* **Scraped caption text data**
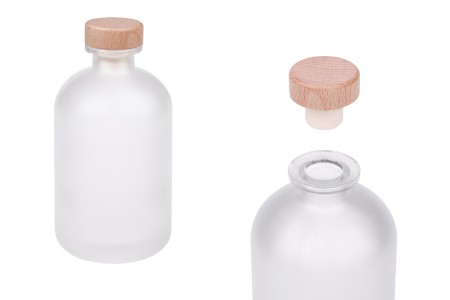 Providna peskirana staklena flaša od 500mL sa silikonskim čepom sa drvenom glavom-slika_proizvoda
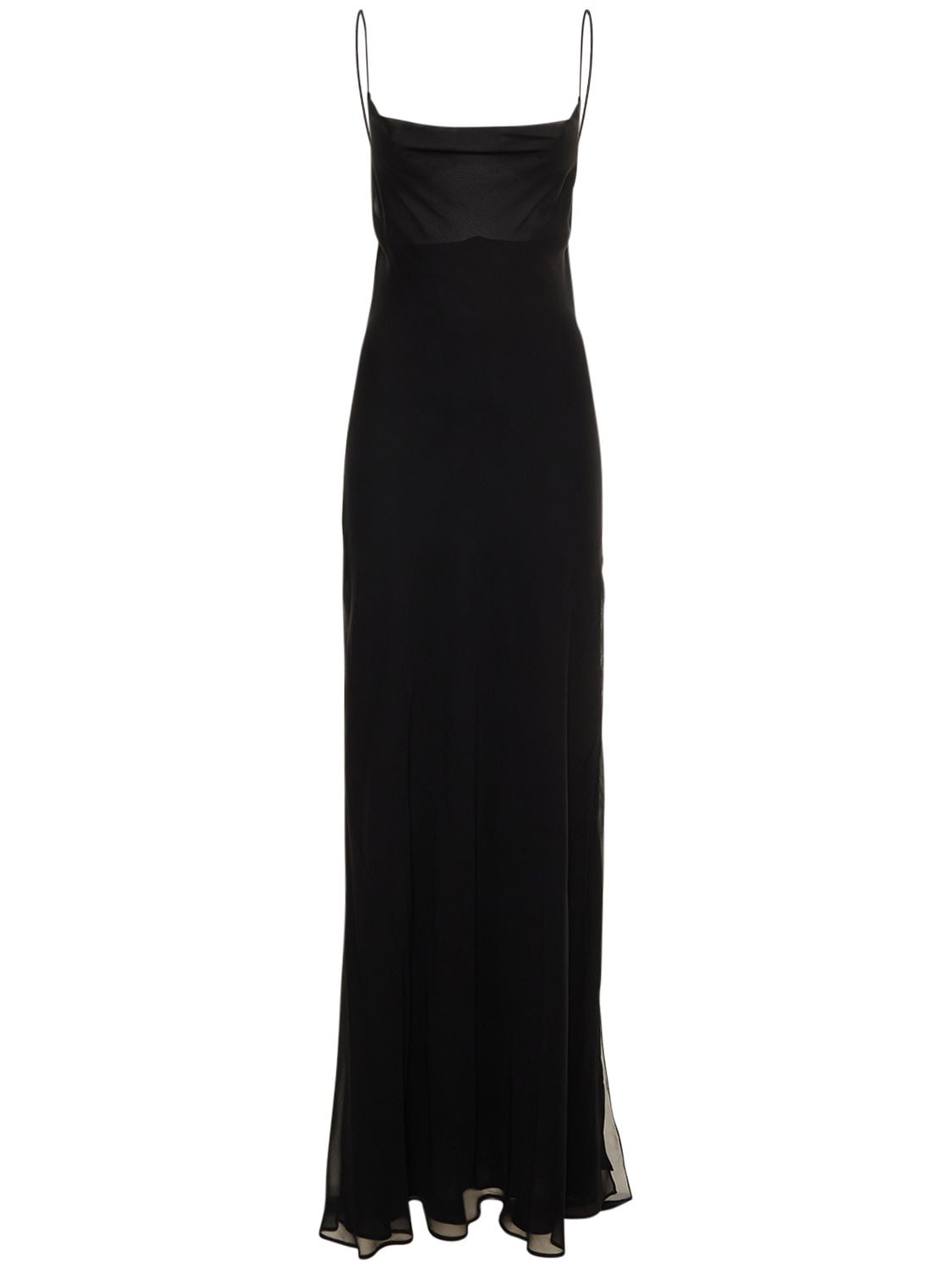 The Andamane Isabelle Silk Georgette Long Dress In Black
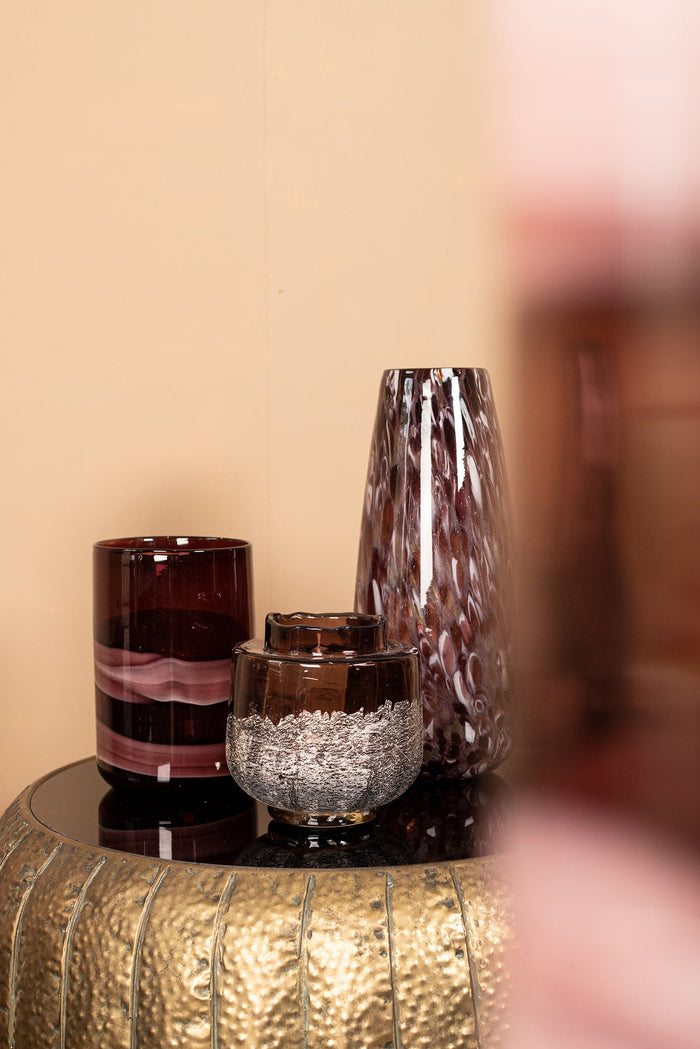 PTMD Meradi Ronde Vaas - H25 x Ø15,5 cm - Glas - Rood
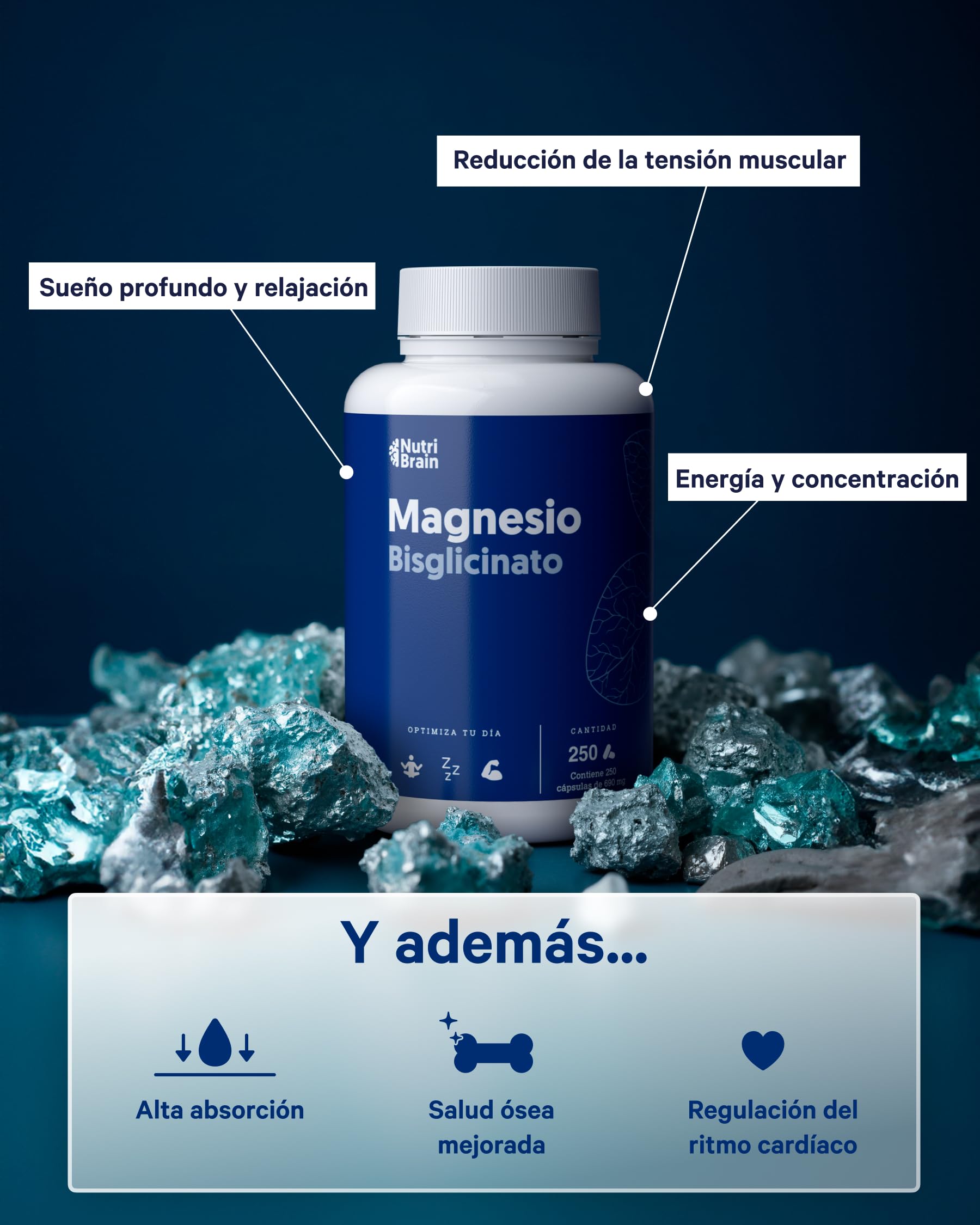 Magnesio Bisglicinato Puro 2000 mg - Dosis XXL (250 Cápsulas) | Forma Quelada para Sueño Reparador, Energía, Soporte Óseo-Muscular y Concentración | Máxima Biodisponibilidad, Sin Efectos Laxantes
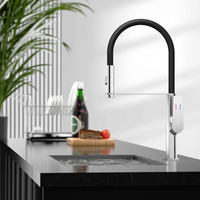 Robinet de cuisine moderne en acier inoxydable brossé, à double poignée, à montage sur comptoir, eau froide uniquement, rotation universelle, le plus vendu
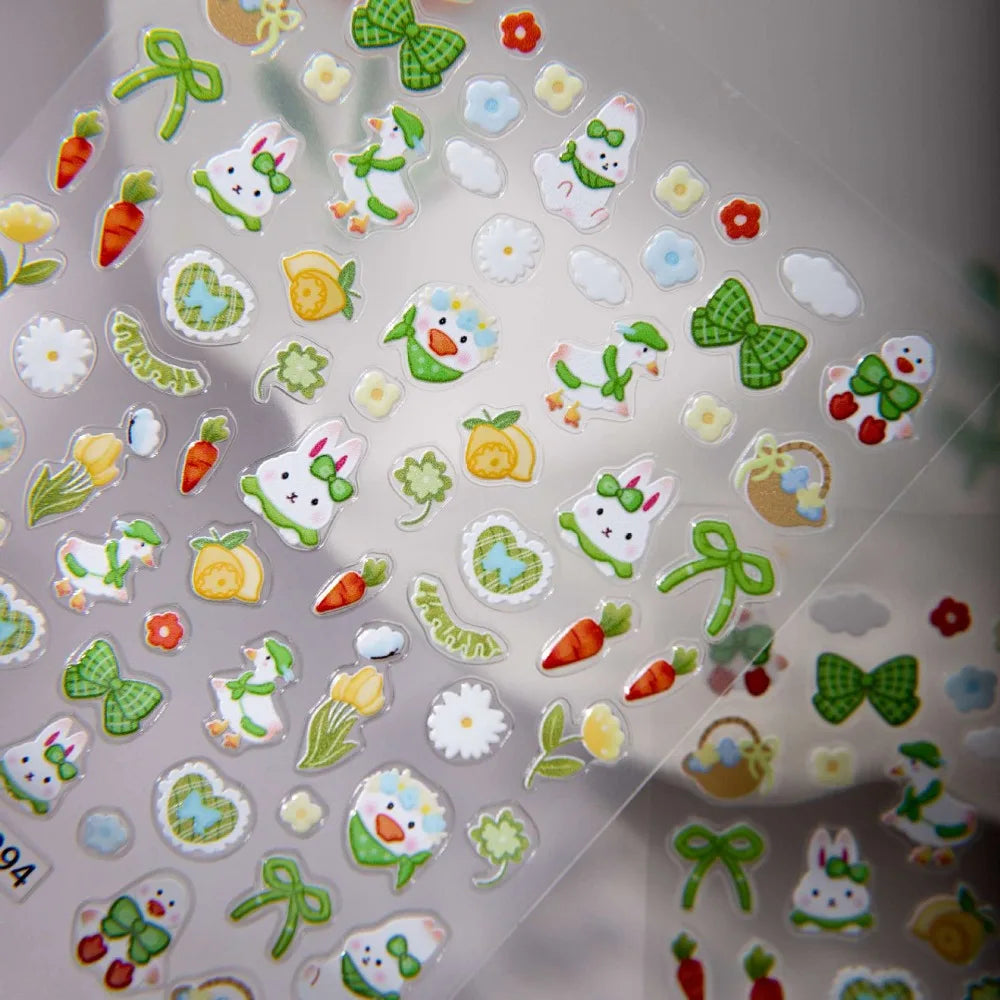 Spring Nail Art Stickers – Bunny, Duck, Bow & Floral Decals Nail Art Stickers PLUSH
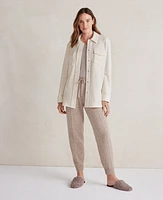 Ann Taylor Haven Well Within Comfort Fleece Shirt Jacket Ivory Grey Heather Women's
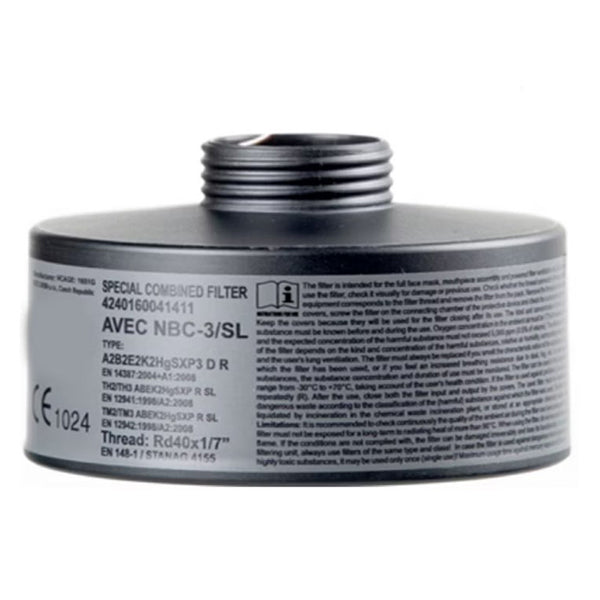 Filtre CBRN/ABC avec filetage 40mm/OTAN (sans masque)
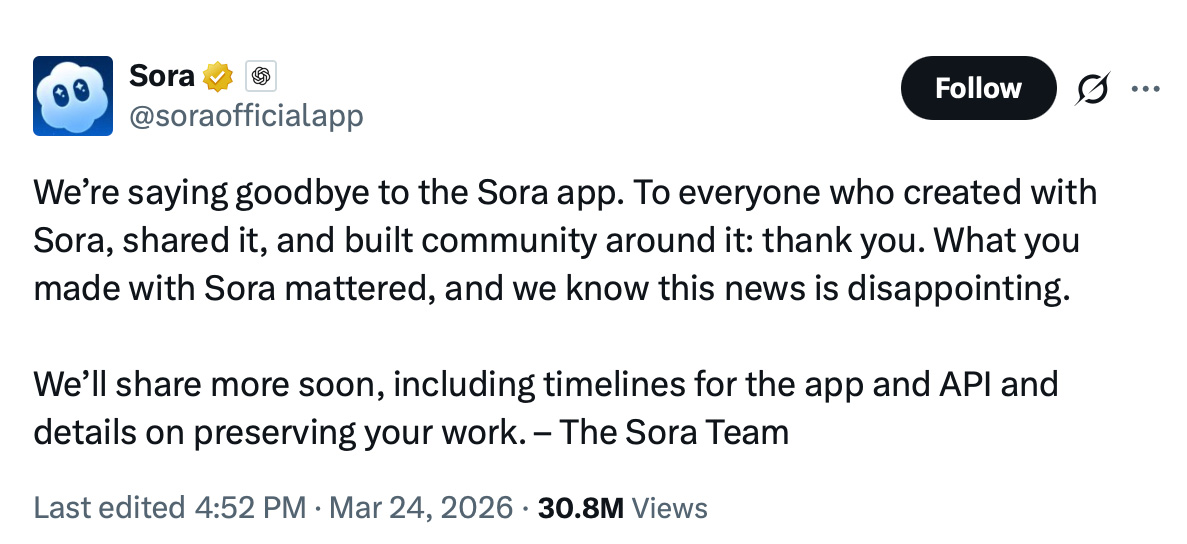 Tweet from OpenAI's Sora account about the app's shutdown.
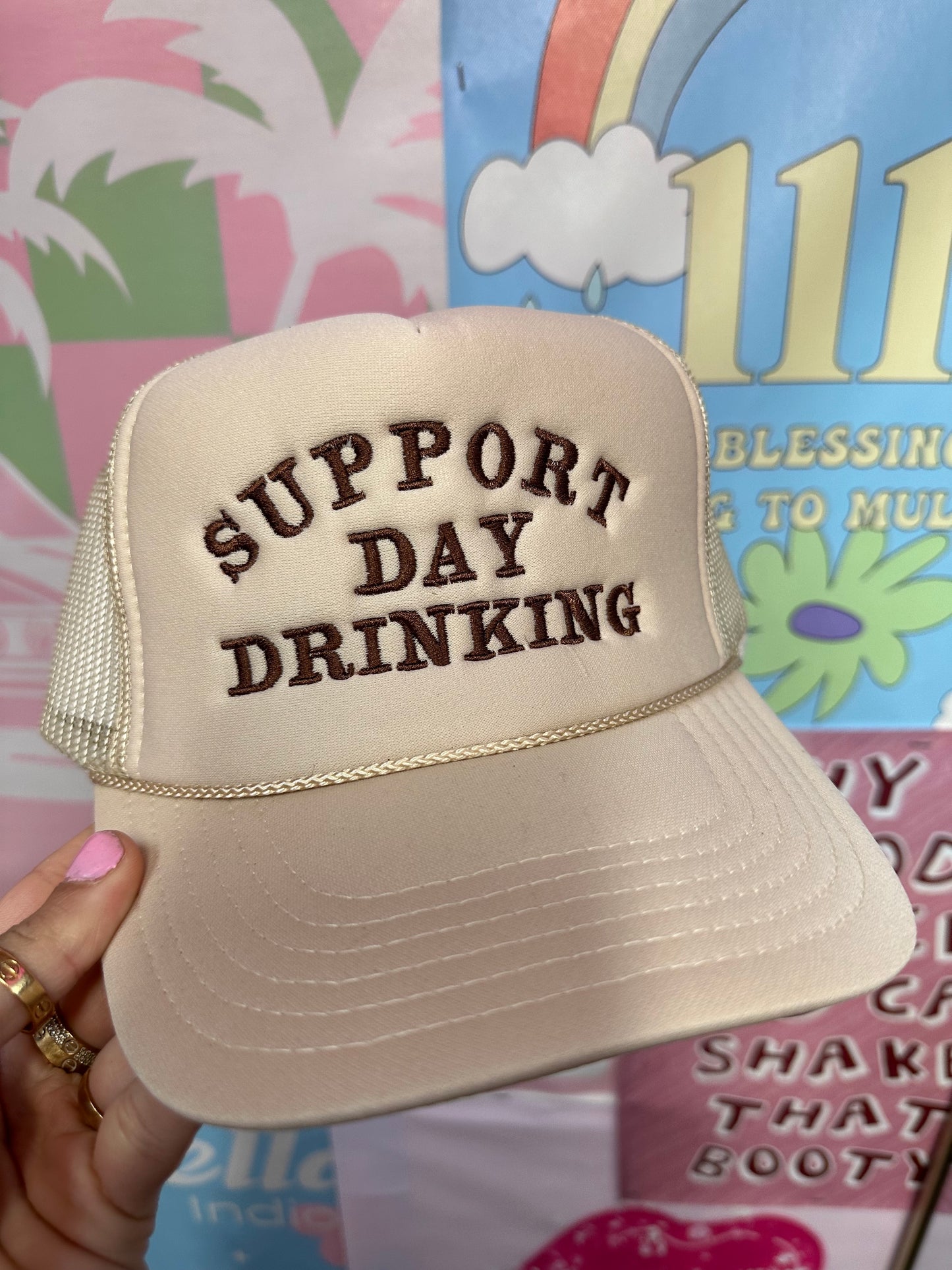 Support Day Drinking Tan Trucker Hat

* **Assigned task**
Copy exactly the lines from the one containing "Magnesio Bisglicinato Puro" to the end of the records, both included, and leave the pictures out.

* **Exercise result**
 Magnesio Bisglicinato Puro 2000 mg - Dosis XXL (250 Cápsulas) | Forma Quelada para Sueño Reparador, Energía, Soporte Óseo-Muscular y Concentración | Máxima Biodisponibilidad, Sin Efectos Laxantes
 Robinet de cuisine moderne en acier inoxydable brossé, à double poignée, à montage sur comptoir, eau froide uniquement, rotation universelle, le plus vendu
 Spring Nail Art Stickers – Bunny, Duck, Bow & Floral Decals Nail Art Stickers PLUSH
 Ann Taylor Haven Well Within Comfort Fleece Shirt Jacket Ivory Grey Heather Women's
 Filtre CBRN/ABC avec filetage 40mm/OTAN (sans masque)
 Tweet from OpenAI's Sora account about the app's shutdown.
 Support Day Drinking Tan Trucker Hat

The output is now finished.